Eles quiseram me entrevistar, mas eu não deixei. Resolvi dar uma exclusiva para o meu próprio blog.
Eu não reagi coisíssima nenhuma. Se reagi, não foi a um assalto. Eu estava voltando do supermercado com uma Ruffles Churrasco de 200g e um iogurte de morango. Bermuda e camiseta. O ipod no bolso, a carteira no outro, a chave no terceiro. E um guarda-chuva, que chovia. Plena luz do dia, pouco depois das 5 e meia da tarde.
Ando rápido, nenhum pivete consegue me pegar. Então tem dois caras andando na minha frente, uns 30 anos, calça comprida, casacos, sapato social. Quando me aproximo deles, o mais baixinho olha pra trás, acho compreensível - medo de assalto - e cochicha algo com o outro. O baixinho anda até mim, que paro, sem mostrar nenhuma arma, sem dizer nenhuma palavra, e olhando pro meu corpo. Pensei: tarado, e tentei impedir o seu avanço com o guarda-chuva. Ele empurrou o guarda-chuva pro lado e me deu duas estocadas com a faca-olfa que agora eu estava vendo, toda enferrujada e de lâmina completamente pra fora; não sinto nada parecido com dor. Não acredito que acabei de levar duas estocadas. Protejo a barriga com a mão. O homem agora repete dá o aipódi, dá o aipódi que eu estou protegendo com as mãos, junto com a barriga ferida, enquanto grito, tendo entendido agora que é um assalto; ele arranca o fone dos ouvidos enquanto repete mais dá o aipódi. O fone fica metade na mão dele, que corre dos meus gritos junto com o outro. Grito muito mais, conscienciosa, para que corram; e pega ladrão e fui assaltada e tudo isso. Estando eles longe, pisco os dois olhos e decido continuar a andar até em casa; a mão ainda protege o ferimento. Dou um primeiro passo e resolvo levantar a blusa e dar uma olhada. É uma mistura de sangue abundante com água de chuva e uma bola amarela - pus? (O cirurgião me explicou que era gordura. Ganhei uma lipo de brinde.) Suspirando, deito no chão molhado decidindo que é melhor não arriscar um desmaio; chove em mim; grito mais para atrair Curiosos, fui esfaqueada e me assaltaram. Eles vêm. Espero a pergunta (o que aconteceu???) repito que fui assaltada e me esfaquearam; o que os Curiosos repetem entre si como um viveiro de pássaros. Vendo que estão satisfeitos, aproveito para pedir que liguem para a emergência, 190, e que meu nome é tal e o da minha mãe é tal, aliás seria aconselhável também ligar para ela, cujo telefone também era tal, coisa que eles fizeram. Disseram pra pressionar, pressionei; pedi para o senhor fumante fumar um pouco mais para lá, por favor, e tentei alcançar (e me passaram) meu guarda-chuva, ainda aberto no chão, para cobrir a cara, não as feridas. Chegaram os bombeiros e me atenderam; pouco depois chegou a minha mãe. Fui pro Miguel Couto e depois para o Quinta D'Or.
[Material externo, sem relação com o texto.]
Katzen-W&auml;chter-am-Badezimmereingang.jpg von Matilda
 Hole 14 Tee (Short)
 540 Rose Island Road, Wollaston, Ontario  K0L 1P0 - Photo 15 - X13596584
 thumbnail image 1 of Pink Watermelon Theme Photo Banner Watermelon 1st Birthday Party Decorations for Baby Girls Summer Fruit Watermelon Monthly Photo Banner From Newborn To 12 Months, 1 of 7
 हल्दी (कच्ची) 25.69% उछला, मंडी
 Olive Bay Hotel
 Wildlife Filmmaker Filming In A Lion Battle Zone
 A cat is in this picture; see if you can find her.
Primeiro dia, CTI. Dormi 3 horas, tinham me posto na frente de uma senhora que exigiu seus analgésicos a madrugada inteira, batendo com o troço plástico que fica preso no dedo na beira da cama (ainda não está na hora, dona Isabel...). As outras horas passei sacaneando a linha branca do eletrocardiograma, que descobri que era a respiração. Consegui controlar as batidas do coração também (Scanners), mas achei melhor não bulir muito com isso.
Depois fiquei num quarto lendo Morvern Callar (moça cujo nome significa a mudez mais quieta) cheia de visitas em volta. As visitas se dividiam em desejáveis e indesejáveis. E o pior é que não dava pra fugir.
TV aberta e ninguém achava meus outros livros pra me dar. Vi A Identidade Bourne, Billy Elliot que me fez dançar escondida no banheiro com o ipod, até por causa do cenário raver de Morvern, um filme de Kung Fu com bastante porrada. Cancelaram o Chaves, agora tem Family Feud. Adivinhei algumas coisas.
Vi outras coisas bizarras, como uma espécie de Rei Leão live-action que passou na Sessão da Tarde e o Cristóvam Buarque dando entrevista no Ratinho.
Fiquei com soro três dias e quando foram tirar, desmaiei. Por causa disso fiquei mais um dia (com a condição de que não encostassem em mim mais nenhuma agulha).
Então agora estou ótima, não foi atingido nenhum órgão interno e não estou com medo de andar na rua.
O problema é que vão continuar estimulando loucamente o consumo e falando de décimos-terceiros e enchendo a cabeça das pessoas de fantasias de fartura natalina e tanto dinheiro correndo por aí, basta pegar. As enfermeiras do Quinta vieram compartilhar suas histórias de assalto comigo; é o Natal, é o Natal.